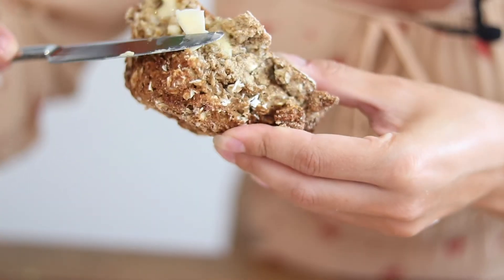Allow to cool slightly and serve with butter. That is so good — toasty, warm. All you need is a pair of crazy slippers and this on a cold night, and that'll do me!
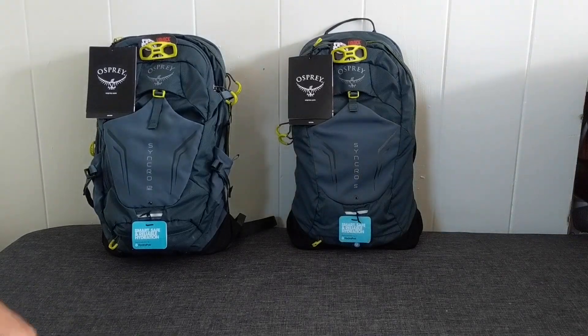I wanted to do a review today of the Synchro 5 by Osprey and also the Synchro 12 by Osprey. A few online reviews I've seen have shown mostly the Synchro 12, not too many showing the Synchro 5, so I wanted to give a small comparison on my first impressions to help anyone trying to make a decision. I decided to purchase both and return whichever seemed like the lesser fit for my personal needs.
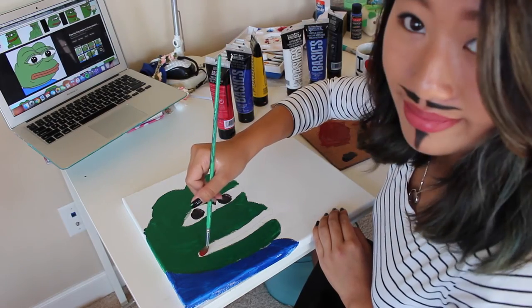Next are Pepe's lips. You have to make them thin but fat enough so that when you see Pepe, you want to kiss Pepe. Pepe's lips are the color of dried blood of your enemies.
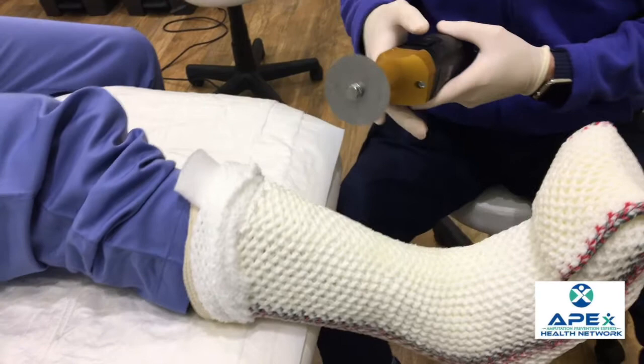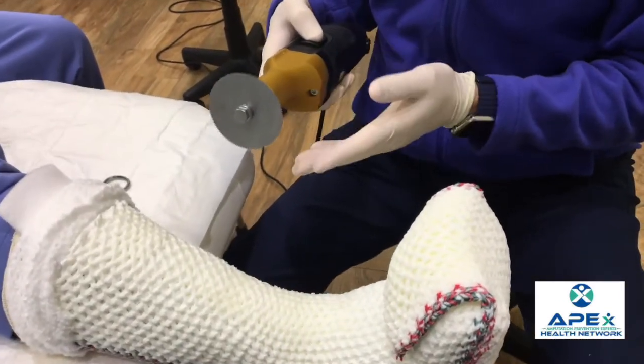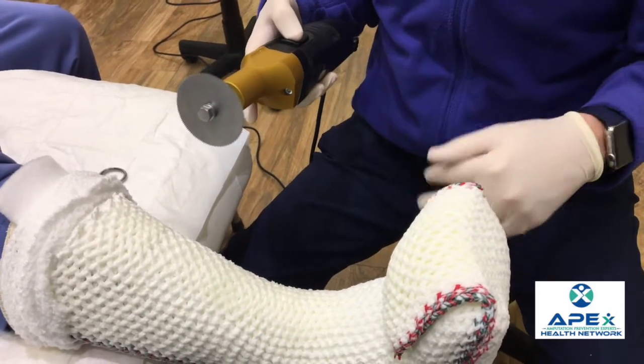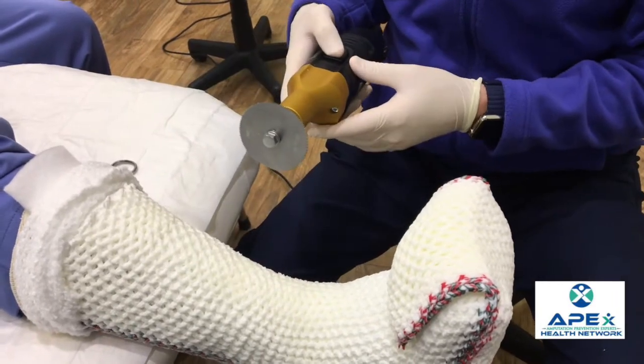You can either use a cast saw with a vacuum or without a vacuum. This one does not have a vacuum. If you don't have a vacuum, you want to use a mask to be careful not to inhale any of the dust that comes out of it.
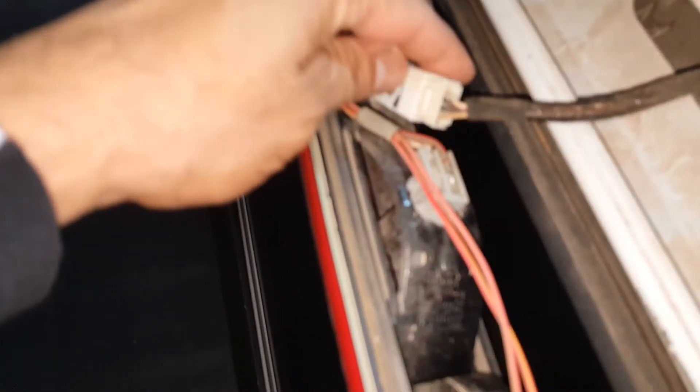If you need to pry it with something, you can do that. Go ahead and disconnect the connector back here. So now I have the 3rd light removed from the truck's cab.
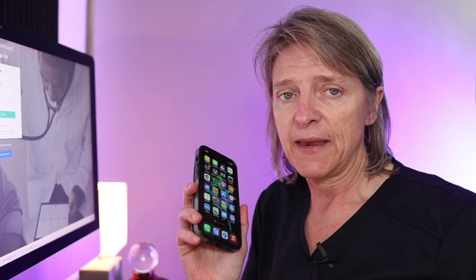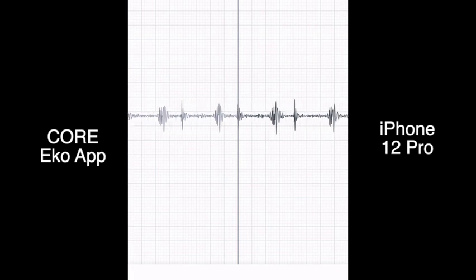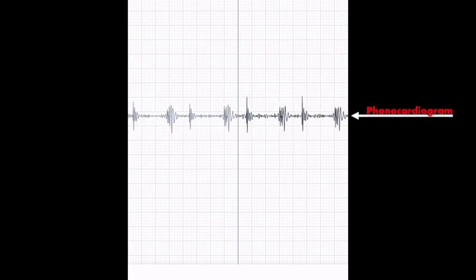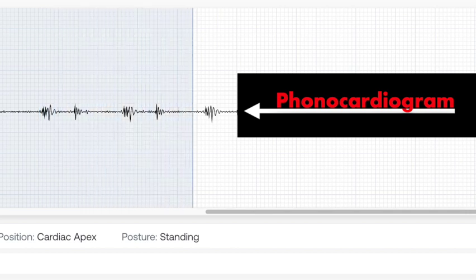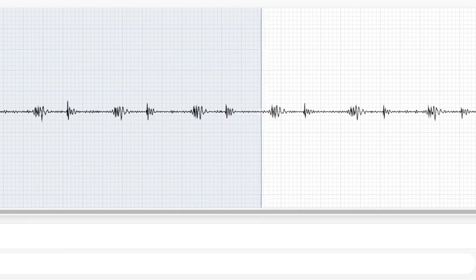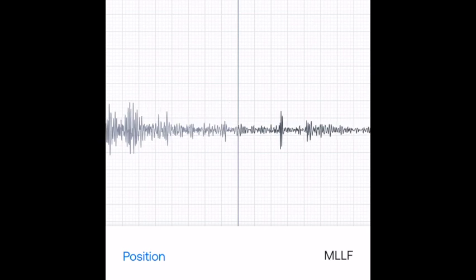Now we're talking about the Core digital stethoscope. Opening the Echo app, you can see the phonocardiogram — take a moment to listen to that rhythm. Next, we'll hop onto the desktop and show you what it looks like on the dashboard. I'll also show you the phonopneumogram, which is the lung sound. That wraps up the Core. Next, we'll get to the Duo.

WORK ORDER. Keep to the lines above from the line with "Next are Pepe's" to the line with "You can either", and set down exactly those, inclusive, with nothing else and every picture left out.

PROBLEM SOLUTION.
Next are Pepe's lips. You have to make them thin but fat enough so that when you see Pepe, you want to kiss Pepe. Pepe's lips are the color of dried blood of your enemies.
You can either use a cast saw with a vacuum or without a vacuum. This one does not have a vacuum. If you don't have a vacuum, you want to use a mask to be careful not to inhale any of the dust that comes out of it.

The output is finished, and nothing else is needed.